Verrilli v HMQ 2019 NSSC 263

Note

In this decision, the NSSC examines who has the burden of proof when an interested non-accused party seeks access to sealed ITOs relative to three search warrants, in accordance with s. 487.3(4) of the CC.

Decision Summary

Daniel Verrilli was the subject of three search warrants the police used to search his residence and vehicles. The warrants alleged that Mr. Verrilli had possession of cocaine for the purpose of trafficking. The ITO in relation to all three search warrants was sealed by each issuing justice of the peace. Various items, including cellular telephones and cash were seized during the searches, but no cocaine was located by the police. No charges were laid against Mr. Verrilli. The seized items were made available for their return. Mr. Verrilli applied to Provincial Court to examine the sealed information in order to determine why he had been the subject of the searches. His application was denied by Judge David Ryan. Mr. Verrilli then applied for certiorari/judicial review of the decision refusing his access to the sealed information.

The Judge reconciled two lines of reasoning to address the issue of who has the burden of proof when an interested non-accused party seeks access to a sealed Information to Obtain.

This application relates to the right of a non-accused target to access the ITOs that led to the issuance of three search warrants. The legislative provisions governing search warrants are very different than those involving wiretaps. There is no legislative provision placing the onus on an applicant seeking to unseal an ITO similar to the statutory onus placed on an applicant seeking to unseal a wiretap.
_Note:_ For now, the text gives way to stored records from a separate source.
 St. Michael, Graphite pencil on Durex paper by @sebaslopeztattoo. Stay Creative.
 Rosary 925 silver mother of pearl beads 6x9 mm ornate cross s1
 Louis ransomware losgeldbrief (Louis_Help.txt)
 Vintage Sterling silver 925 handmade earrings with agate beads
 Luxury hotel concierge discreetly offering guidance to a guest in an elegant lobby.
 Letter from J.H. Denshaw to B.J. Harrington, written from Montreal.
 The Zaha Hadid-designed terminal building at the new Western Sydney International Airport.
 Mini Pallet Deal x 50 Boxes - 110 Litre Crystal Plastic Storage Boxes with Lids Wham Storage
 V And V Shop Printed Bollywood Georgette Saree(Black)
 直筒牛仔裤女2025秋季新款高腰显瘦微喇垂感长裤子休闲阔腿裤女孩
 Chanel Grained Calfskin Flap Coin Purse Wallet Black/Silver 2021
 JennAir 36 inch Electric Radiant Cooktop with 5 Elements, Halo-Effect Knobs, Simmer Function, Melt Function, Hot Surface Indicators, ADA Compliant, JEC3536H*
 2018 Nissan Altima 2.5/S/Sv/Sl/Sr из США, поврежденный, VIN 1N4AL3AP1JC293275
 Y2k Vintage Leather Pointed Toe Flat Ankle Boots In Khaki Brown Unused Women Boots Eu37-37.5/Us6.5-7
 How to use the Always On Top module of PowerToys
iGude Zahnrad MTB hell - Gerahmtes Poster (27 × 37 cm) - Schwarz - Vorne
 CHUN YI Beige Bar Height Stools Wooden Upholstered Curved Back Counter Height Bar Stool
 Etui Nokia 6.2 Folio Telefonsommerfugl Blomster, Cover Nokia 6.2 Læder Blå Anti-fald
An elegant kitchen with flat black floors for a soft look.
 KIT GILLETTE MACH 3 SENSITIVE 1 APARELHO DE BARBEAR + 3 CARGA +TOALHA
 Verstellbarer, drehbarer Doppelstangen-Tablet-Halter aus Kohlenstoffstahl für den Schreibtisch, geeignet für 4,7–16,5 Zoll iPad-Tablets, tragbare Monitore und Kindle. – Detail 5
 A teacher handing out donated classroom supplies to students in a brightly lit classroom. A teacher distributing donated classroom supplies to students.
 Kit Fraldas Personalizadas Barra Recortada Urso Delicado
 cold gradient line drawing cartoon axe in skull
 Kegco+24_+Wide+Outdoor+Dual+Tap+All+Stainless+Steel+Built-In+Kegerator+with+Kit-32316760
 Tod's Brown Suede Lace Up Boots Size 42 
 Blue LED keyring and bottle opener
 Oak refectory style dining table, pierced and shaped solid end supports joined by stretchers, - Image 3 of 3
Michaud was a wiretap case. Wiretaps are subject to very specific provisions in the Criminal Code that limit access to the presumptively sealed packet of information.
The Criminal Code search warrant provisions do not mirror the wiretap provisions. However, a judicial officer may determine that an ITO should be sealed in accordance with s. 487.3 of the Criminal Code. I cannot conclude that Parliament intended these two regimes to be treated the same way.
The Supreme Court of Canada was very clear in explaining that the Dagenais/Mentuck test applies to all discretionary actions that could limit the open court principle.
The test in Dagenais/Mentuck governs when an application is made to unseal an ITO in accordance with s. 487.3(4) of the Criminal Code, and in these circumstances, places the onus on the Crown.
Mr. Verrilli’s application for certiorari/judicial review is granted. The matter will be remitted to Provincial Court for a new hearing placing the appropriate onus on the Crown to meet the test as set out in Dagenais/Mentuck.